- Work required
Nothing but the lines from the one with "1960 Rome 8mm" through the end of the records may appear in the answer, each reproduced exactly, pictures omitted.

____ Dataset records

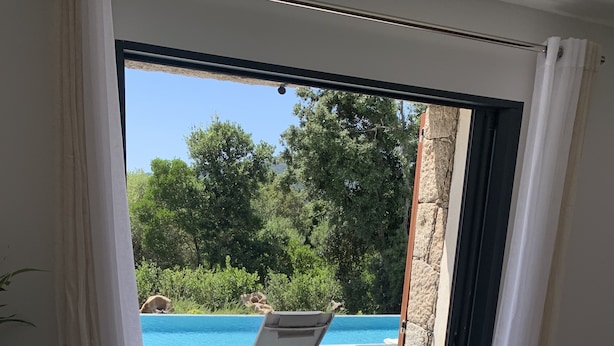 A modern room with a view of a swimming pool, a chair, and a small table.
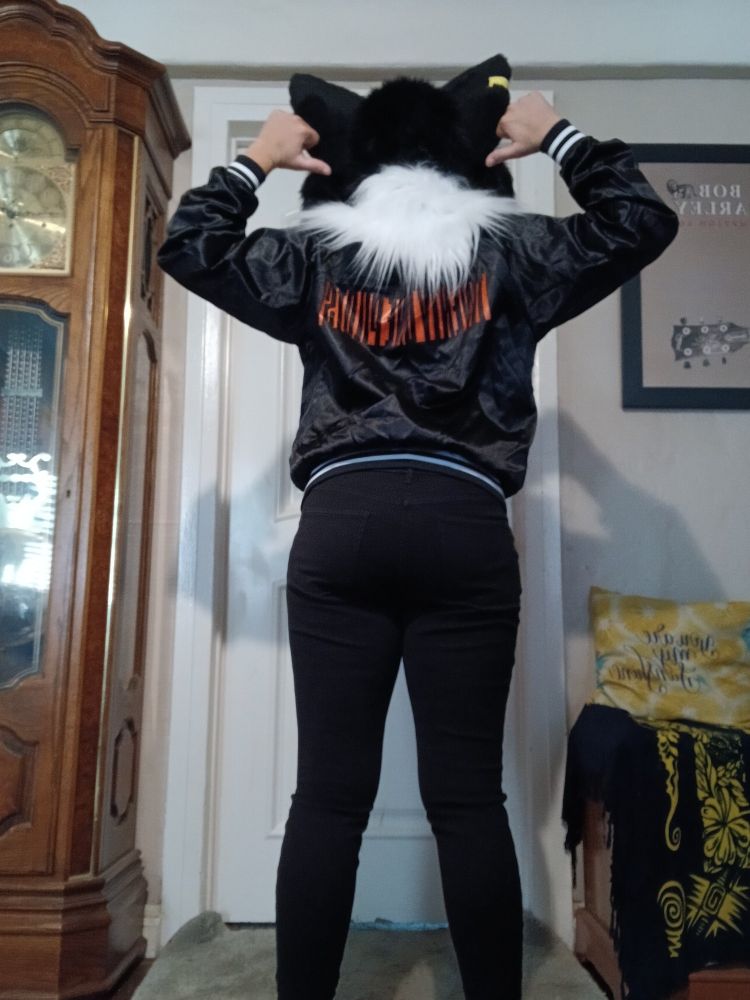 Black and white fursuit head facing away from the camera wearing a black and red varsity jacket with the Twenty One Pilots block text logo on the back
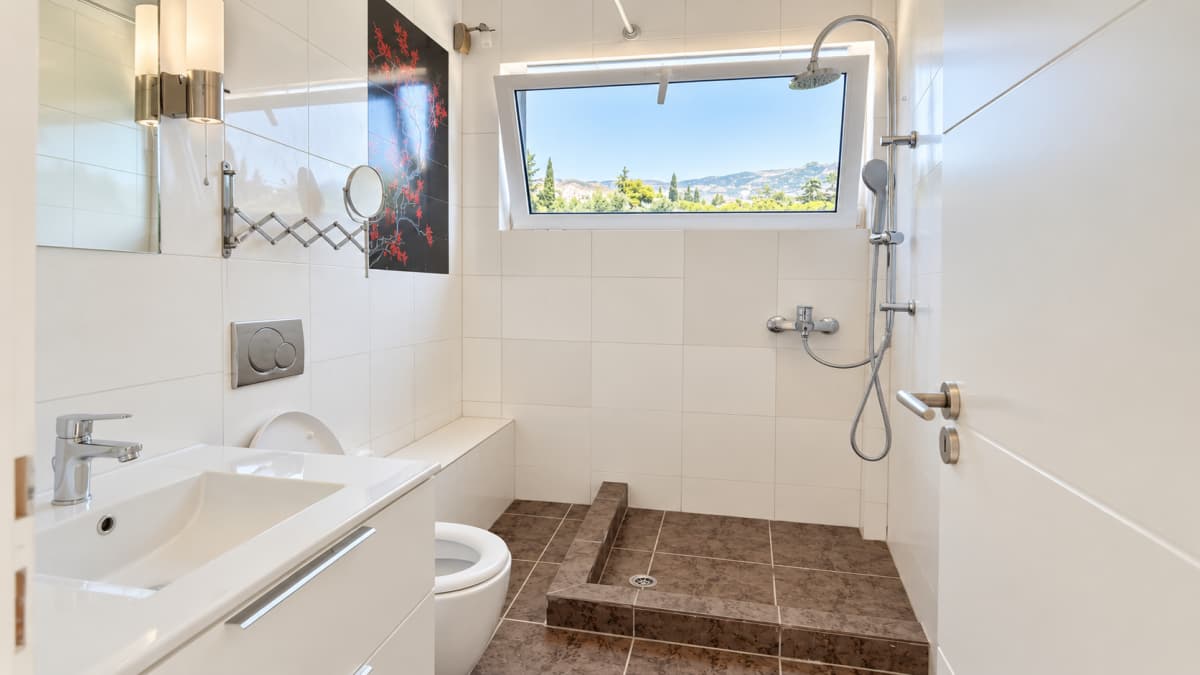 Bathroom with a raised tiled shower area, a white vanity and a window above the shower.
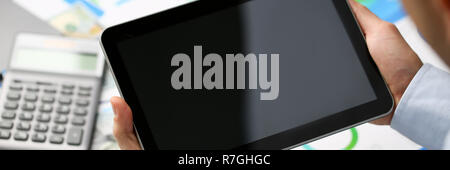 Businessman holds tablet on background Stock Photo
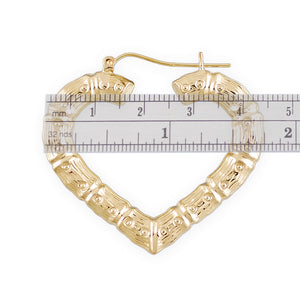 Close-up view of 10K yellow gold heart bamboo hoop earring showing hollow puffed texture and latch closure.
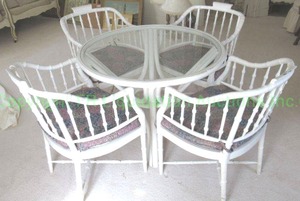 lot 638 image: Vintage white painted rattan patio set with glass top table (38 x 28.5) and 4 barrel back spindle chairs. Has seat cushions.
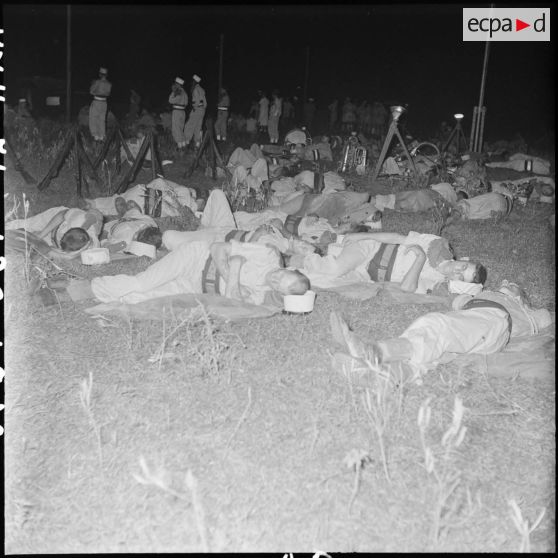 Des légionnaires dorment au sol en attendant l'arrivée de nuit de prisonniers libérés par le Vietminh à Viet Tri.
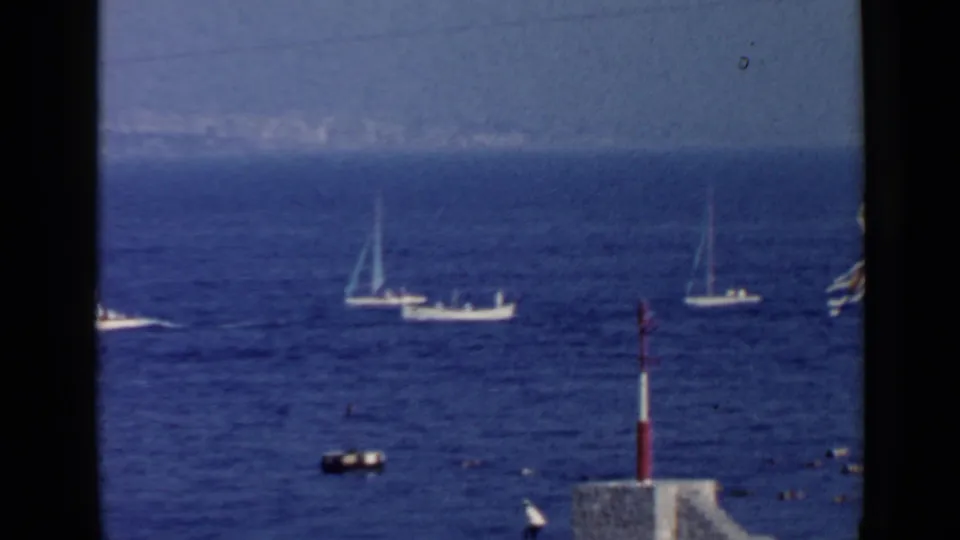 1960 Rome 8mm seascape showing boats offshore, a hazy horizon, dark framing, and a red-and-white pole near the lower edge.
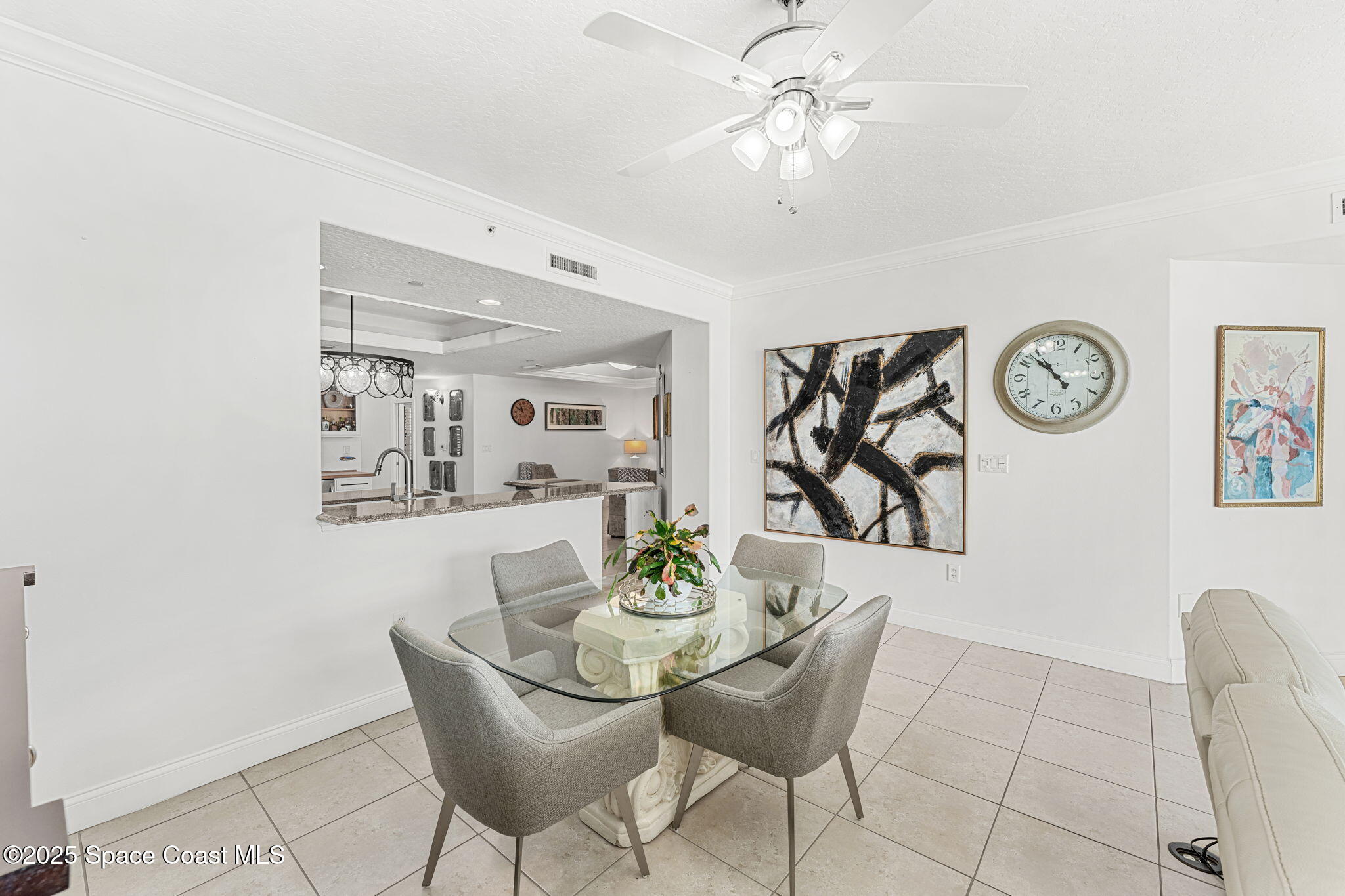505 South Miramar Avenue, Unit 2403 Indialantic, FL 32903 - Photo 17 of 43 a dining room with furniture and window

________

- Solution for this task
 1960 Rome 8mm seascape showing boats offshore, a hazy horizon, dark framing, and a red-and-white pole near the lower edge.
505 South Miramar Avenue, Unit 2403 Indialantic, FL 32903 - Photo 17 of 43 a dining room with furniture and window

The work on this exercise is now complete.